Everyone knows identity theft is a real problem today. Dozens of companies have crept up over the past few years offering to protect us. Some have made their profit, and disappeared. Some have been legally forced to change the services they offer. So, if you're going to buy a protection program, how do you know it will be a "good" one?

The bad news is no identity theft program can keep you from being a victim. Some companies offer "guarantees", but they are only promising that their program will do what they said it would. The question remains: what does the program do?

How Does It Help?

Most identity theft products are focused on credit and banking. But financial identity theft made up only one-third of all complaints received by the FTC's Consumer Sentinel Network in 2009. That would be the same as having fire insurance that covered your home if it burnt down between the 1st and 10th of any given month. To know if a program will help if you become a victim of identity theft, you need to know how identity theft can affect you. This way you know if the program you're looking at addresses your concerns.

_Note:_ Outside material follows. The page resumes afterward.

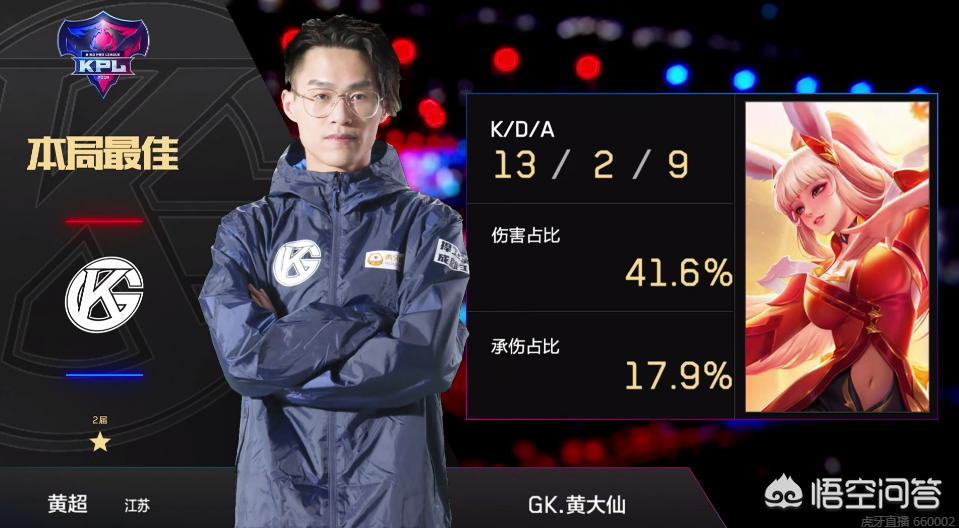 球员在场上 球员在场上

Since different programs do different things, it's also important to be familiar with the different ways an identity theft program can help you. Pricing varies depending on the services you'll be getting. Generally speaking, more services mean higher prices, but there are programs offering minimal services for about the same cost. When you know the different types of services, you're armed to ask the important questions.

Key Questions to Ask

How does the program protect me? The answer will tell you whether it's a reimbursement program or something more inclusive. It's not uncommon for an identity theft program to combine different services in a shiny new package. But if your biggest concern is criminal charges brought up in your name by an identity thief, you may not care very much about credit monitoring.

If there are guarantees, what do they cover? Keep in mind that no program will keep you from being a victim. (It would be the same as your car insurance agent telling you your policy will keep you from having an accident.) But a few companies make product guarantees about how their service will perform. Make sure everything you are told is backed up in writing.

What if I'm already a victim when I sign up? You can't buy fire insurance to cover a fire you just had – they want you to have the insurance before the fire. It's pretty much the same with identity theft programs. Usually. Some programs will still go to work for you if you are currently a victim, but haven't found out yet. Since it can take months or even years to find out you're a victim, it's an important question to ask.

What is my cost if I'm a victim. One sort of identity theft program works on a reimbursement basis. (Your house caught fire, you put it out, now you rebuild it, refurnish it, and we'll give you back some of the money you spent.) One place reimbursement programs come in handy is time off work. If you're a victim of identity theft, you'll be talking with all sorts of agencies and organizations that are only open during business hours. That means time off work, to deal with the mess. A reimbursement may also pay you for some of that time off work…after the fact, naturally. You will receive a 1099 from the company running the service, which you must file on your taxes as income.

Due diligence. Do your homework on the program, but don't let it paralyze you into making a decision on a program. Give yourself a period of time, maybe 48 hours, to do research, write down any questions you still have, and talk with your agent again. It's incredibly easy to put off deciding on a program, or even if a program is right for you. As with all decisions, it's easiest when you set a deadline to address the issue in writing.

How does enrollment work? Programs vary widely on this. Programs that ride on your home-owner's insurance are usually paid as part of your premium so you don't have to think about it. Some programs require a 1-year contract, others do monthly bankdrafts. Often, programs working as part of an employee benefits package can only be elected once a year. All of these are fine, as long as they fit your needs and budget.